Monitoring weather conditions involves the use of instruments such as rain gauges for measuring rainfall, thermometers for temperature, wind vanes for wind direction, anemometers for wind speed, barometers for atmospheric pressure, and hygrometers for relative humidity.
For example, rainfall is measured using a rain gauge, with calculations like mean monthly rainfall, annual rainfall, and annual range of rainfall being determined through specific formulas. Temperature is measured with a thermometer, with calculations involving mean daily temperature, diurnal range, monthly range, annual temperature, and mean annual temperature.
Wind direction is measured using a wind vane, while wind speed is gauged with an anemometer. Atmospheric pressure is measured with a barometer, and relative humidity is determined using a hygrometer, comparing readings from wet and dry-bulb thermometers.
Components Of Geographic Information System (GIS)
A system dedicated to capturing, storing, manipulating, analyzing, managing, and presenting various spatial or geographical data is known as a Geographic Information System (GIS). The term GIS may also refer to Geographical Information Science or Geospatial Information Studies, denoting the academic field or profession associated with working on geographic information systems. This falls within the broader discipline of Geoinformatics.
In a broader context, GIS encompasses any information system that integrates, stores, edits, analyzes, shares, and displays geographic information. GIS applications serve as tools enabling users to generate interactive queries, analyze spatial information, modify data on maps, and communicate the outcomes of these operations. Geographic information science forms the scientific foundation for understanding geographic concepts, applications, and systems.

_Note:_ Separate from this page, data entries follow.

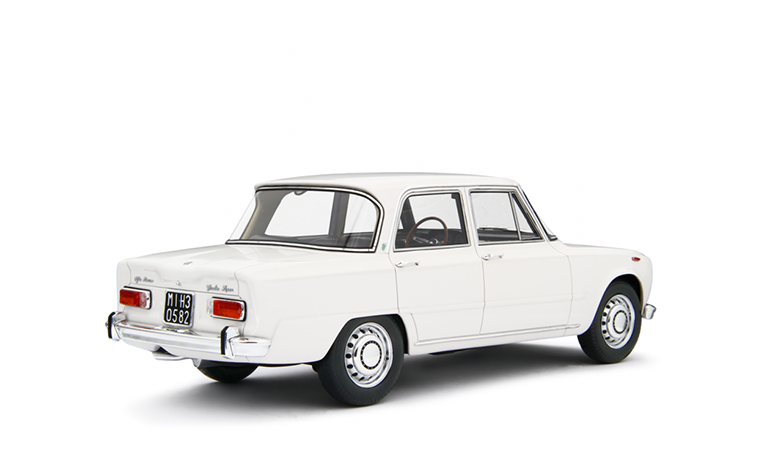 1:18 1/18 Alfa Romeo Giulia Super 1969 1970 white Laudoracing-Models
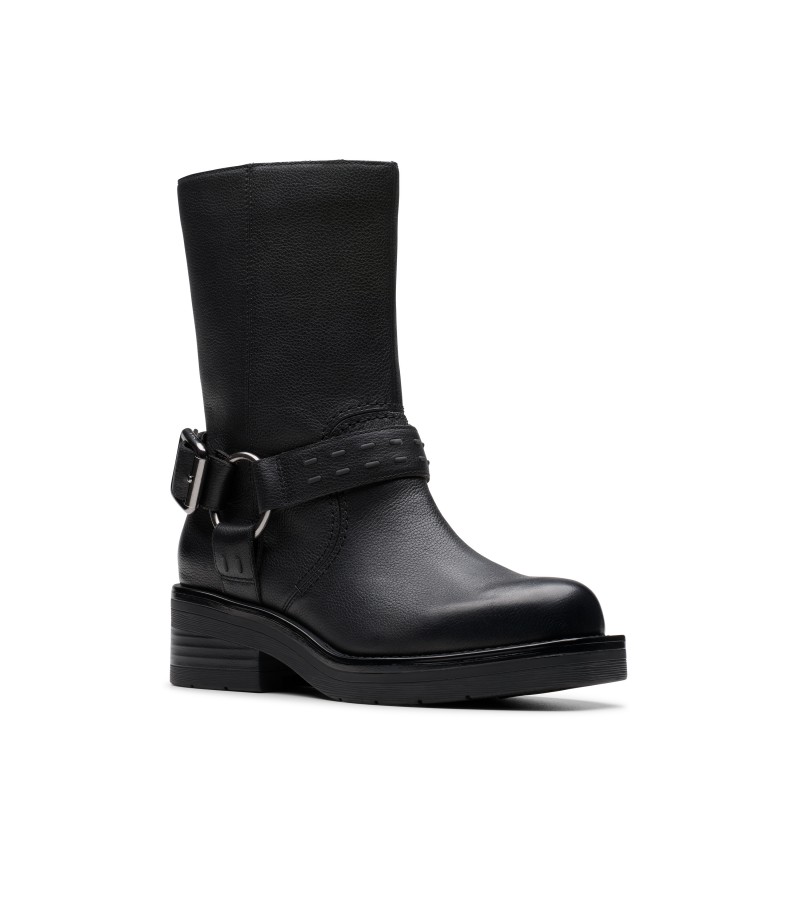 Clarks - Rebelle Up Black Leather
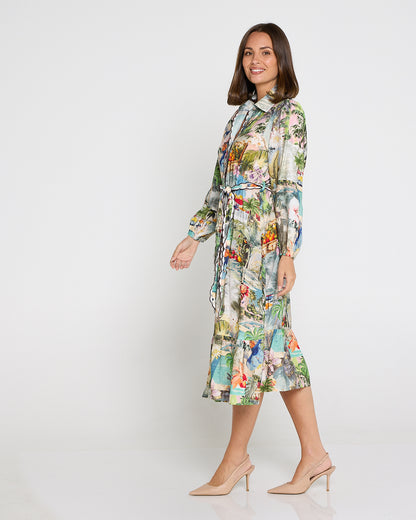 Selene Dress - Tropical Paradise
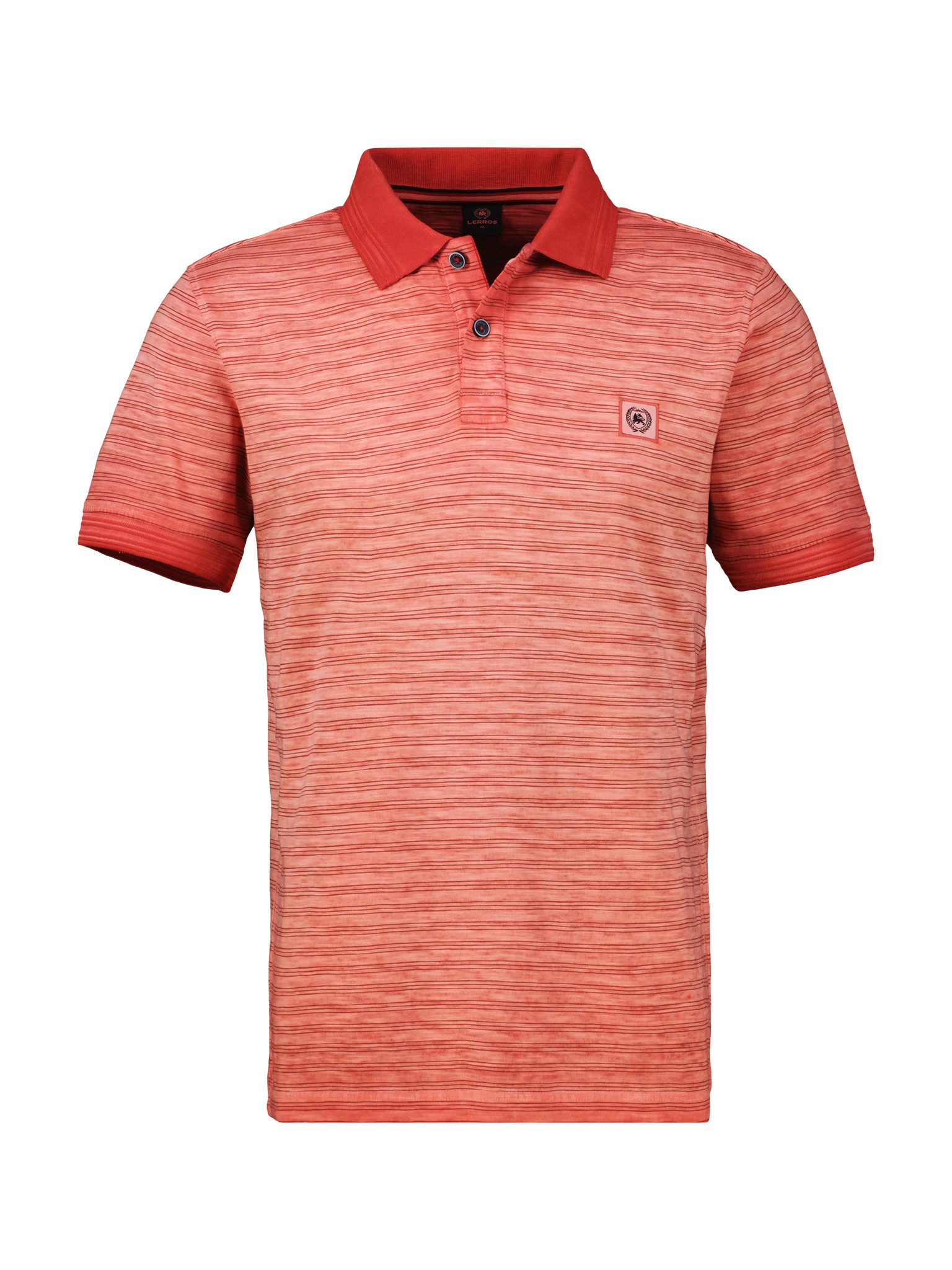 LERROS Poloshirt mit Logo Stickerei – Bild 3 von 4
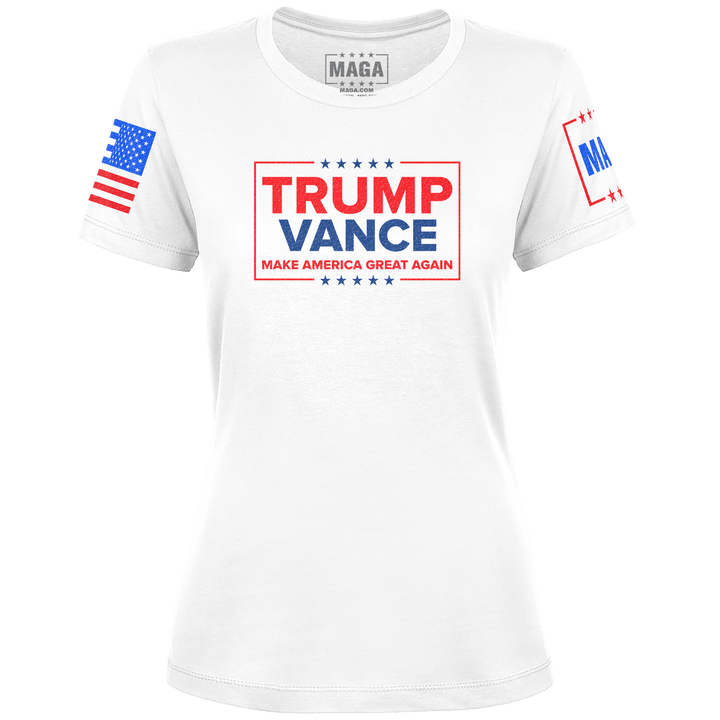 White / XS Trump Vance - MAGA Ladies Tee maga trump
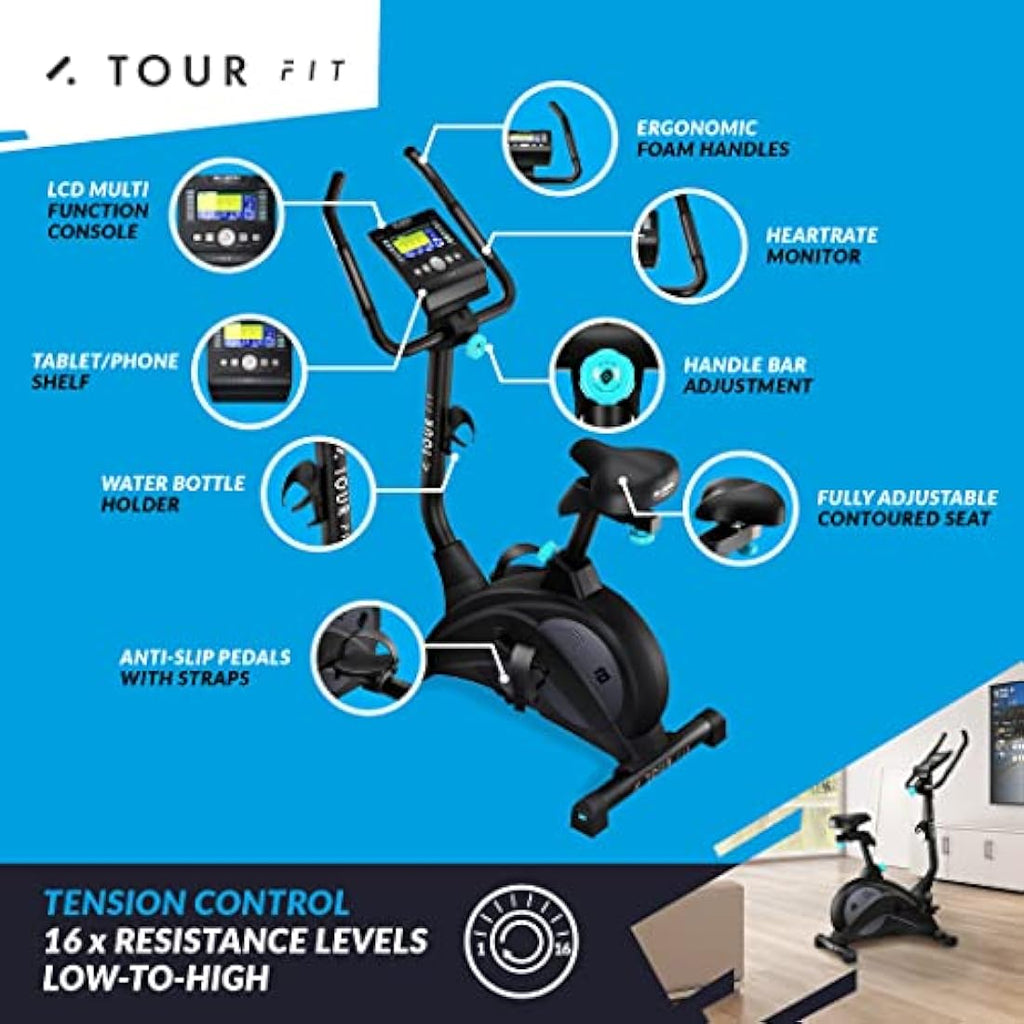 Bluefin Fitness Tour FIT Exercise Bike | Magnetic Resistance | Kinomap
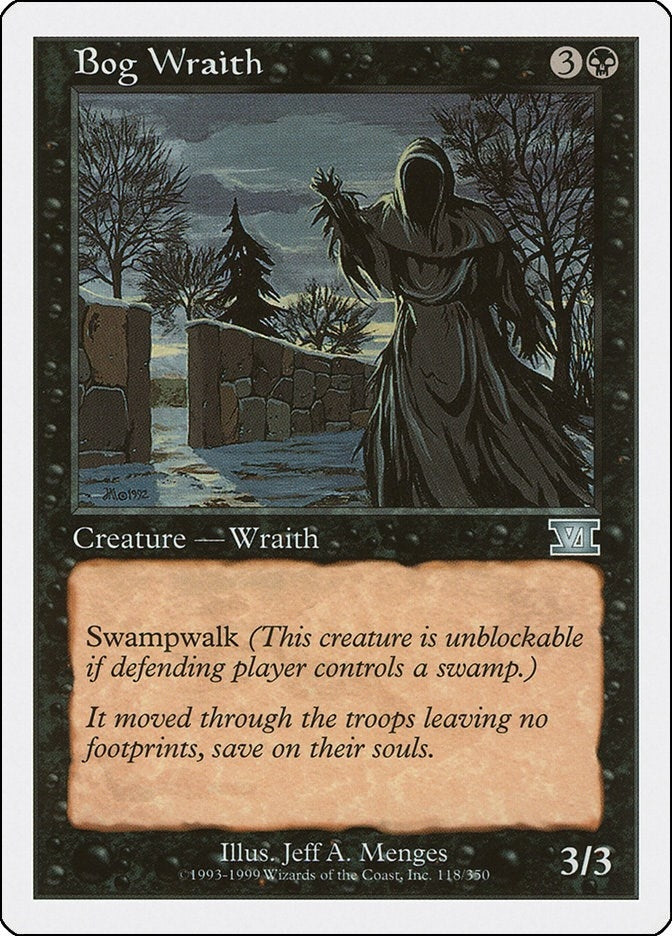 Image for Bog Wraith (118) - Magic: The Gathering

Various sources contribute to the pool of geographic data, including satellite images, existing maps, land surveys, socio-economic statistical records, aerial photographs, and fieldwork or surveys.
GIS is comprised of five essential components:
Hardware: Includes devices such as keyboards, CPUs, mice, hard disks, etc.
Software: Encompasses applications like Microsoft Word, Corel Draw, Microsoft Excel, computer games, etc.
Data
People: Refers to those involved in designing, maintaining, and developing plans for the system.
Method: A successful GIS operates based on a well-designed plan and established business rules.
Introduction To Map Reading
The geographical aspect related to map reading is commonly known as Practical Geography. It involves the skill of recognizing conventional signs on a map and utilizing these signs to interpret the representation of the earth’s surface on paper. A map provides an overhead view of a large land area, such as a town, village, or country, condensed onto a single page.
Various types of maps exist, including Topographical Maps, Atlas Maps, Plan Maps, and Sketch Maps.
MAP SCALE
The map scale indicates the correlation between distances on the map and actual distances on the ground. It represents the ratio or proportion between measurements on the map and those on the ground. For example, a scale of 2cm to 1km signifies that two centimeters on the map represent one kilometer on the ground.
TYPES OF SCALE
Three types of scale are Statement scale, Linear scale, and Representative scale.
A) Statement Scale
This type of scale is presented as a statement with accompanying figures, such as 1cm to 2km (indicating 1cm on the map represents 2km on the ground) or 2cm to 1km.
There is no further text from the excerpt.